Türk çift 6 aylık macerasını bu biçimde anlattı! Kadın-erkek herkes sokakta uyuyor

DeSouza

New member
Pandemi başlamadan birkaç ay evvel evlenen Uneys-Yüsra çifti, 6 aydır Afrika Nijer’de yaşıyor. Daha öncesinde Ankara’da ömür süren ve hâlâ orada konseyi bir sistemleri olan aile, Türkiye’deyken de e-ticaretle uğraşıyordu. Afrika’ya gitme sebepleri de bir daha ticaret olan çift, Nijer’de yeni bir mağaza açarak tüm nizamlarını buraya taşıdı. Ailelerinin de bu durumu fazlaca yeterli karşıladıklarını söyleyen çift, “Yeni bir kültür gorecek olmamız, bu biçimde bir maceraya atılmamız onları da heyecanlandırdı” yorumunda bulundu.

BEYAZ EŞYALARINI TÜRKİYE’DEN KONTEYNERLE GETİRDİLER

Uneys-Yüsra çifti Nijer’de bir apartman dairesinde yaşıyor. Elektrik, su, kira hepsini toplu biçimde ödüyorlar. Geniş üç odalı bir konutları ve büyük bir terasları var. En üst katta oldukları için terastan ağaçları ve çölü bir ortada izleme bahtına da sahipler. Süreksiz olarak burada oldukları için epeyce fazla eşya satın almadılar. Mahallî halkın kullandığı sedirleri koltuk olarak kullanıyorlar. Tozdan ötürü kullanması kolay olsun diye de yerlerde hasır halılar mevcut. Yatakları, bez dolapları ve kendi yaptıkları ahşap rafları bulunuyor. Beyaz eşyalarını da Türkiye’den konteynere yükleyerek getiren çift, bulaşık makinesi getirmenin yaptıkları en mantıklı şeylerden biri olduğunu düşünüyor.

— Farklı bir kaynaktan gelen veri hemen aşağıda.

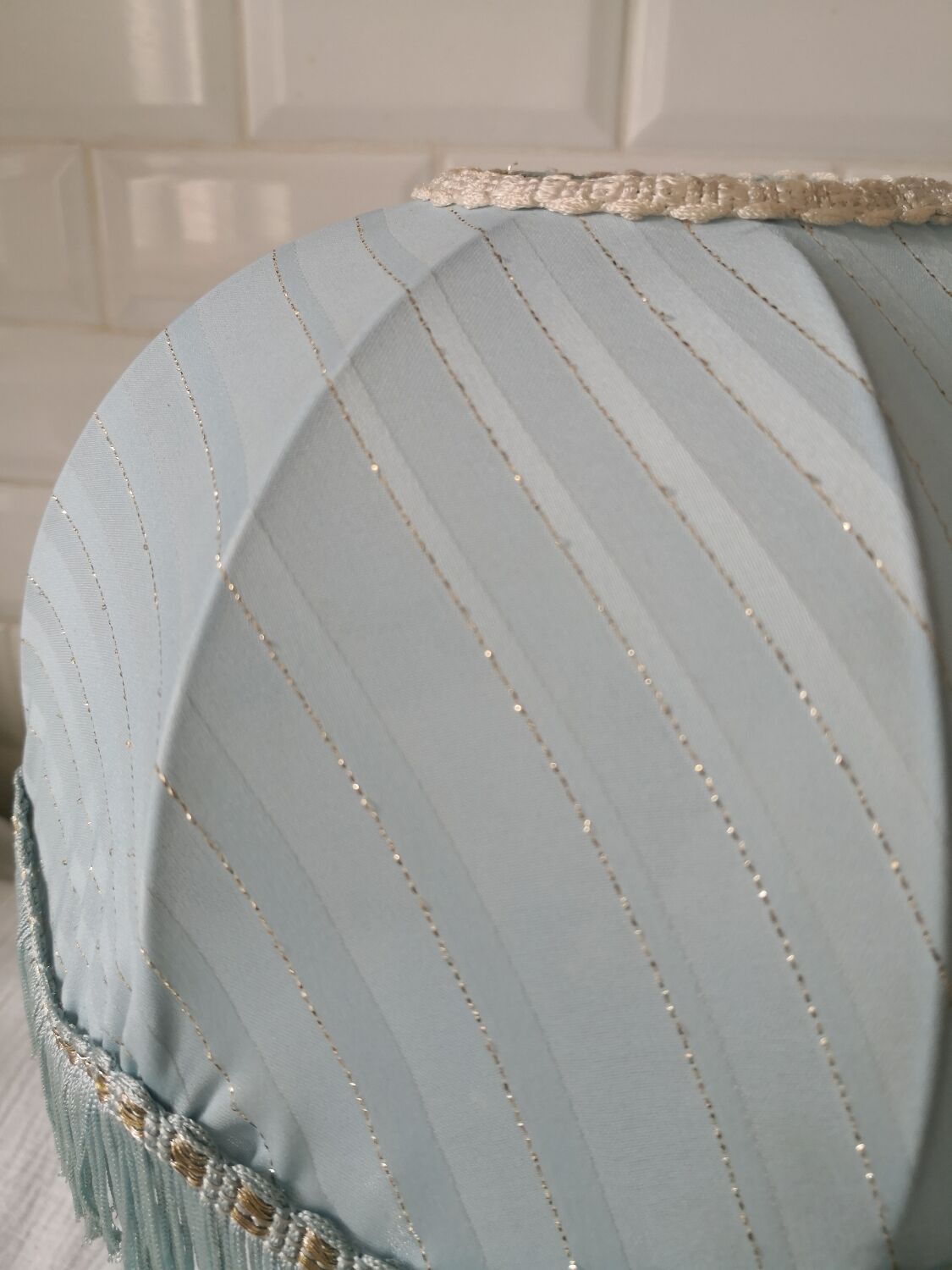 Vintage bedside lamp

“Afrika’da geniş bir pazar alanı olduğunu ve talebi biliyorduk”
diyen çift, daha öncesinde de birkaç kez ihracat işi yapmıştı ve bu sebeple yerli halktan tanıdıkları vardı. bir müddet daha sonra “yenidendan ihracat yapsak” diye düşünürken tanıdıklarıyla ortak iş yapmaya karar verdiler. bir arada 2 konteyner mal alıp Türkiye’den gönderdiler. Planları mobilya ve giysi mağazasını bir arada açmaktı fakat 1 ayda gelmesi gereken konteynerleri 3 ay gecikti. En hayli zorlandıkları sürecin de bu kısım olduğunu söyleyen Uneys-Yüsra çifti, “Kültür, coğrafya, çalışma biçimi, lisan her şey fazlaca farklıydı. Bu 3 ayda biz de mağazanın tadilatıyla ilgilendik ve buradakileri tanıma fırsatımız oldu. Paydaşlıktan vazgeçip başka iki mağaza açmanın daha mantıklı olacağına karar verdik ve Nijer’de giysi mağazası işletme serüvenimiz bu biçimde başladı. Birinci 3 ay konteyner geç kaldığından dolayı bu süreçte birikimimizden harcadık. ondan sonrasındasında mağazamızı açtık ve sistemimizi oturttuk. Geçimimizi şu anda mağaza satışımızdan karşılıyoruz ve ziyadesiyle yetiyor” bilgisini paylaştı.

‘TÜRKİYE’DEN GELDİĞİNİ ÖĞRENİNCE DAHA ÇOK BEĞENİYORLAR’

Ürünlerini Nijer’deki insanların zevklerine nazaran seçen aile, halkı giysi stilini ve zevkini öğrenmek için toplumsal medya ve Google Haritalar üzerinden araştırma yaptı. bu biçimdece hem stillerine uygun birebir vakitte her bütçeye uyabilecek eserler seçtiklerini lisana getiren çift, “Genel olarak parlak, renkli, cıvıl cıvıl her şeyi fazlaca seviyorlar. Mağazaya giren herkes eserlerimizi epeyce beğeniyor. ondan sonrasındasında Türk malı olduğunu söylemiş olduğimizde daha da fazlaca beğeniyorlar. Pazarlık yapmaya niyeti olan Türk malı olduğunu duyar duymaz pazarlıktan vazgeçiyor ve mağazayı ‘Çok hoş, epeyce kaliteli’’ diyerek dolaşıyor. ‘Türk malıysa kalitelidir’ algısı var burada. Ayrıyeten bir Türk olarak Nijer’de yaşamak fazlaca güvenli” açıklamasını yaptı.


Uneys-Yüsra Afrika’daki konutlarının mutfağı

‘TRAFİK LAMBASI OLMAMASINA KARŞIN KORNA SESİ YOK’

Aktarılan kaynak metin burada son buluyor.